Gladiator II: The Art and Making of the Ridley Scott Film is an official behind-the-scenes companion book written by British filmmaker John Walsh. Published by Abrams Books on March 18, 2025, it chronicles the production of the 2024 epic historical action film Gladiator II, directed by Ridley Scott and released by Paramount Pictures. The 224-page hardcover (with an ebook edition available) includes a foreword by Scott and approximately 500 full-color illustrations.

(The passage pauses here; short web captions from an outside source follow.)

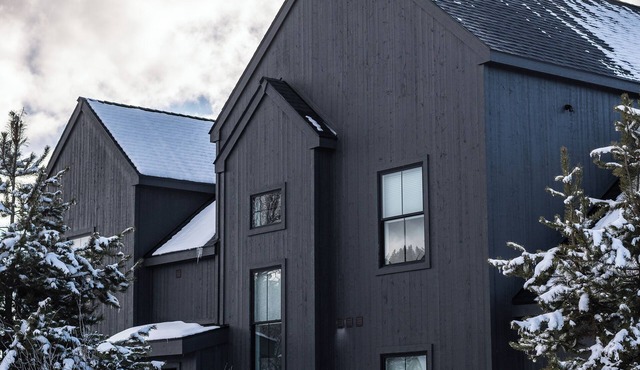 Alpenglow Haus - A Gilded Mountain Retreat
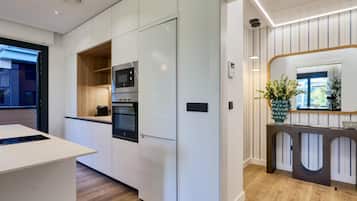 Een koelkast, een microgolfoven, een oven, een vaatwasser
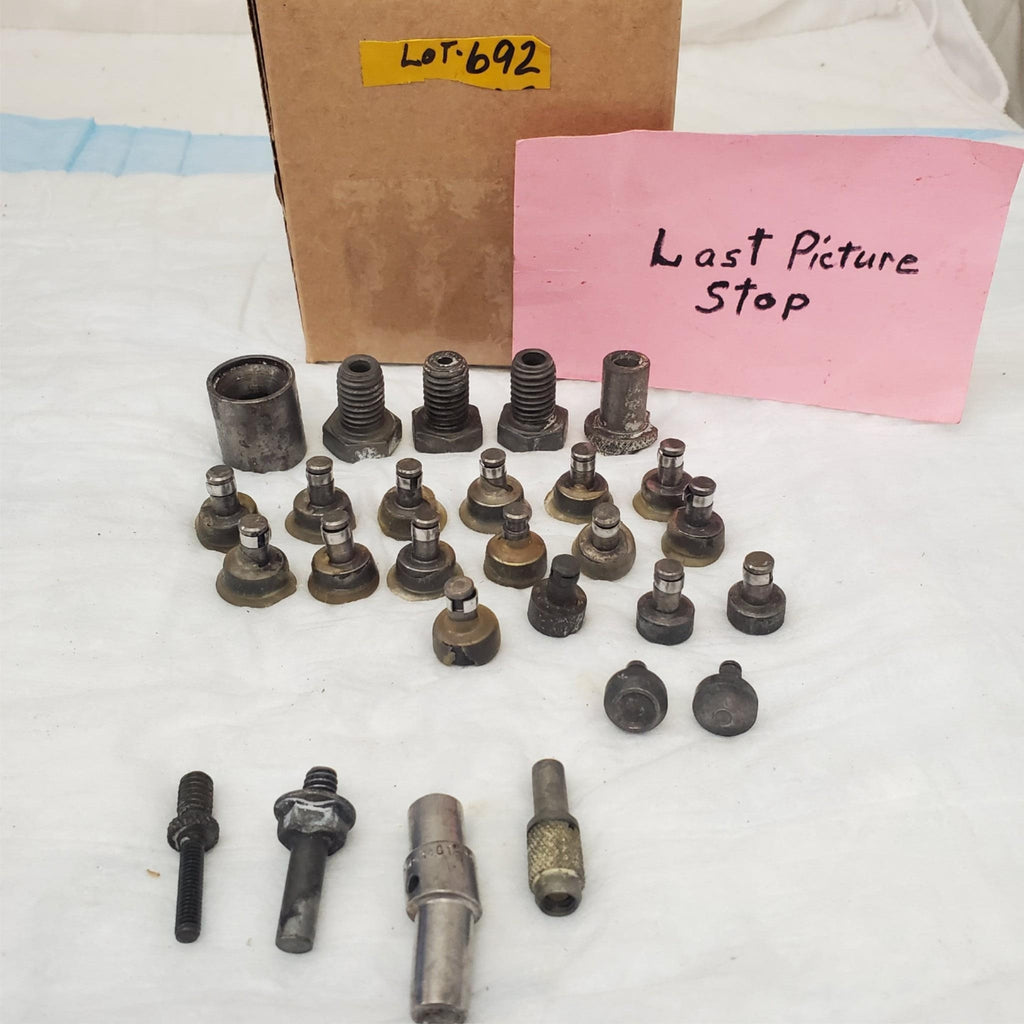 Lot of Assorted Mixed Sockets and Screw LOT-692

== Background and publication ==
Walsh, founder of Walsh Bros Ltd (a leading UK production company) and a trustee of the Ray and Diana Harryhausen Foundation, was commissioned by Abrams Books and Paramount Pictures to document the sequel. He is known for his series of official film companion books, including volumes on Conan the Barbarian, The Wicker Man, The Third Man, Harryhausen: The Lost Movies, Flash Gordon, and others.

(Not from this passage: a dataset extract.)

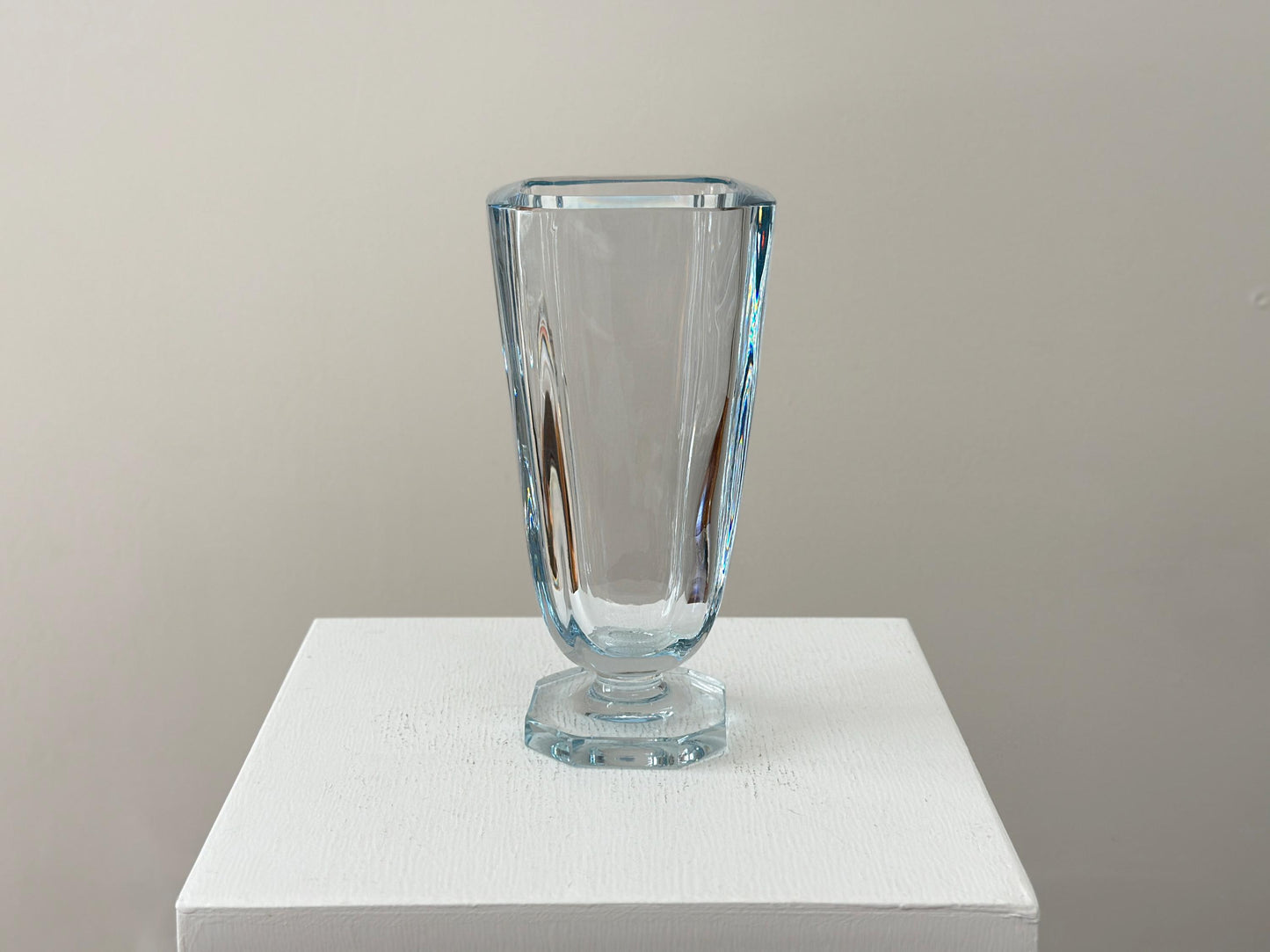 1950s – Large blue tinted crystal vase by Strömbergshyttan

The book was released in coffee table book hardcover format on March 18, 2025 (ISBN 978-1-4197-8016-5), priced at $50, with an ebook edition (ISBN 979-8-8870-7593-8) priced around $31.10. Promotion included a book signing event at Forbidden Planet's London Megastore on April 12, 2025, where Walsh signed copies and engaged with fans.

== Content ==
The book documents the film's recreation of ancient Rome through practical sets, costumes, special effects, and digital artistry. It highlights the challenges of scaling up the spectacle from the 2000 original while maintaining historical texture and cinematic ambition. It contains a foreword by Sir Ridley Scott, reflecting on the long development process (spanning over 25 years) and the importance of evolving the franchise. Interviews include cast members such as Paul Mescal (Lucius), Denzel Washington, Pedro Pascal, Connie Nielsen, as well as crew members such as production designers, armorers, costume designers (including Janty Yates), cinematographers, and visual effects teams. It reproduces Ridley Scott's hand-drawn "Ridleygrams" (preparatory storyboards by Scott himself), concept art, character and costume sketches, storyboards, unit photography from filming in Malta and Morocco, prop designs, set construction (e.g., Colosseum replicas), and ephemera. It also presents artistic inspirations drawn from 19th-century paintings by artists such as Jean-Léon Gérôme and Lawrence Alma-Tadema.

== Reception ==
The volume positions itself as the definitive insider's guide to the film's creative and technical achievements. Karen Woodham of Blazing Minds awarded it 5 out of 5 stars, calling it an "incredible hardback" and a "fascinating insight into the making of Gladiator II," adding: "If you’re a movie fan who enjoys behind-the-scenes insight, this book is a captivating read." Back to the Movies gave it 4 out of 5, describing it as a "hefty coffee-table addition that should lay proud amongst any film fans collection," and noting that it: "manages to strike the nice balance of visual spectacle and informed commentary." Starburst Magazine praised it as a "lavish treasure trove of images and info," particularly highlighting the design chapter for its "first-hand anecdotes that provide invaluable insight into the thought process behind the scenes." SciFiPulse emphasized its access and depth, stating that the book "packs a real punch, delivering a wealth of detail and insight that might just leave [readers] breathless," and describing it as providing "fascinating insights and... compelling stories from the major actors, writers, and producers involved in the project," with the foreword by Scott as a "standout feature." Yong How of Halcyon Realms praised its comprehensive scope and visuals, particularly the inclusion of "Ridleygrams".